Coastal engineering is a branch of civil engineering concerned with the specific demands posed by constructing at or near the coast, as well as the development of the coast itself.

Harbours, docks, breakwaters, jetties, piers, wharfs and similar structures are all immediately adjacent to, or project into coastal waters, and are supported in part by seabed.

Stormwater and sewer outfalls require pipelines to be laid underwater.

Dykes, levees, navigation channels, canals, locks.

=== Energy infrastructure ===
- Inshore and offshore wind farms
- Tidal power and wave power generation
- Hydroelectric plant
- Power station cooling system intakes and outfalls

=== Offshore petroleum extraction ===
- Marine wellhead completions
- Offshore moorings
- Submarine pipelines

== Relevant technology ==
- Civil engineering is a professional engineering discipline that deals with the design, construction, and maintenance of the physical and naturally built environment, including public works such as roads, bridges, canals, dams, airports, sewage systems, pipelines, structural components of buildings, and railways.
- Coastal engineering is the branch of civil engineering concerned with construction at or near the coast, and the development of the coast itself.
- Structural engineering is a sub-discipline of civil engineering relating to the form and shape of structures, and the stability, strength, rigidity and response to external loads of built structures.
- Underwater concrete placement, by Tremie, skip, Pumped concrete, toggle bags, bagwork, usually to build foundations or coastal structures, and grouted aggregate.
- Underwater rock blasting, or dredging of softer sediments, to clear an area of a navigational hazard, to excavate a canal or basin, or to prepare for foundations.
- Piling, including piles driven to serve directly as the support member, and sheet piles, which may be used as formwork for cast concrete, or for constructing cofferdams, to allow the enclosed area to be dewatered.
- Caissons and cofferdams may be used to allow unimmersed work below the surface level of the water.

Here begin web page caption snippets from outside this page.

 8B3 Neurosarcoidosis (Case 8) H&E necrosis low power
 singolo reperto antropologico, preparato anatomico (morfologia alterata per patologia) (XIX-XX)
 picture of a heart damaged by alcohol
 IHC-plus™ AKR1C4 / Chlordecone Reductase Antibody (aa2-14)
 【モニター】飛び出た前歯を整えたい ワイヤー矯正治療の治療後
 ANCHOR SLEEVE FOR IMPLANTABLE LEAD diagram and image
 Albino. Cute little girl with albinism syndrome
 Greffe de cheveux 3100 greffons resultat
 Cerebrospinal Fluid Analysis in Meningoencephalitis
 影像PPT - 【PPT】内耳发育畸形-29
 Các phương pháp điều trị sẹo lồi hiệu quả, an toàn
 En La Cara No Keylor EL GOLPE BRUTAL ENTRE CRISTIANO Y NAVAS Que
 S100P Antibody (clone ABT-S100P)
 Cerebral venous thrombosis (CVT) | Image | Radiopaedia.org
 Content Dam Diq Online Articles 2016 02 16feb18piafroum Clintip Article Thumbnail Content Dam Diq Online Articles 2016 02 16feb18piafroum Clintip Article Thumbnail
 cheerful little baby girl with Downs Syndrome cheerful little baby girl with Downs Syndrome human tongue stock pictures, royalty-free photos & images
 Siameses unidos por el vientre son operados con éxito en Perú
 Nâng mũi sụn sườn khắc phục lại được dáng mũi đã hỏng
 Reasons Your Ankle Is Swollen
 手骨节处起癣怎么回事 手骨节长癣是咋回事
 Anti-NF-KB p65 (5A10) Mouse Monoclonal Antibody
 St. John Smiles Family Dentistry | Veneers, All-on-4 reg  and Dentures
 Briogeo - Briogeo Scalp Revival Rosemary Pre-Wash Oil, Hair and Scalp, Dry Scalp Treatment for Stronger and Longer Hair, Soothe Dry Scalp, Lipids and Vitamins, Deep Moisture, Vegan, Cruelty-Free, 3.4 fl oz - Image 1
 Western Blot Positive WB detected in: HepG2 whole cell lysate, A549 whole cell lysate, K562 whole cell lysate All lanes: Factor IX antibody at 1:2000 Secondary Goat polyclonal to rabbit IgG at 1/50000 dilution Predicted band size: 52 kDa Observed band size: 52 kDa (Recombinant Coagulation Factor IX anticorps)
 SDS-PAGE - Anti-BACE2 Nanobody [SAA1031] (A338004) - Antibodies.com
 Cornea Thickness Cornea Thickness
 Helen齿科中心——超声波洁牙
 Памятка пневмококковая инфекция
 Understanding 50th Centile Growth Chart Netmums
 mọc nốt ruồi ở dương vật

In closed caissons the internal pressure may be raised to keep water out. Occupants need to use an airlock for access, and may require decompression stops when exiting.
- Underwater demolition, for removal of damaged structure in repair work, or to prepare an area for new construction.
- Underwater surveying: site surveys and geological surveys
- Underwater inspection of underwater structures, installations, and sites is a common diving activity, applicable to planning, installation, and maintenance phases, but the required skills are often specific to the application. Much use is made of video and still photographic evidence, and live video to allow direction of the inspection work by the supervisor and topside specialists. Inspections may also involve surface preparation, often by cleaning, and non-destructive testing. Tactile inspection may be appropriate where visibility is poor. Inspection can also be done using remotely controlled underwater vehicles.
- Underwater cutting and welding, may be necessary, though in most cases it can be avoided in new construction.
- Commercial diving, is used when necessary or when it is an economical alternative, when work must be done by a human operator at an underwater worksite.
- Hyperbaric work may be appropriate in a pressurised caisson.
- Hyperbaric welding, when necessary in new construction, may be done in a dry habitat designed to provide a dry enclosure at ambient pressure around the area to be welded.
- Corrosion protection may be necessary for exposed metal structural components.

==Materials==

The most commonly used materials in marine construction are concrete and steel.

==Role of divers==
- Inspection of underwater site and work
- Setting of explosives for clearance
- Underwater rigging
- Erection and dismantling of underwater formwork and underwater concrete placement activities.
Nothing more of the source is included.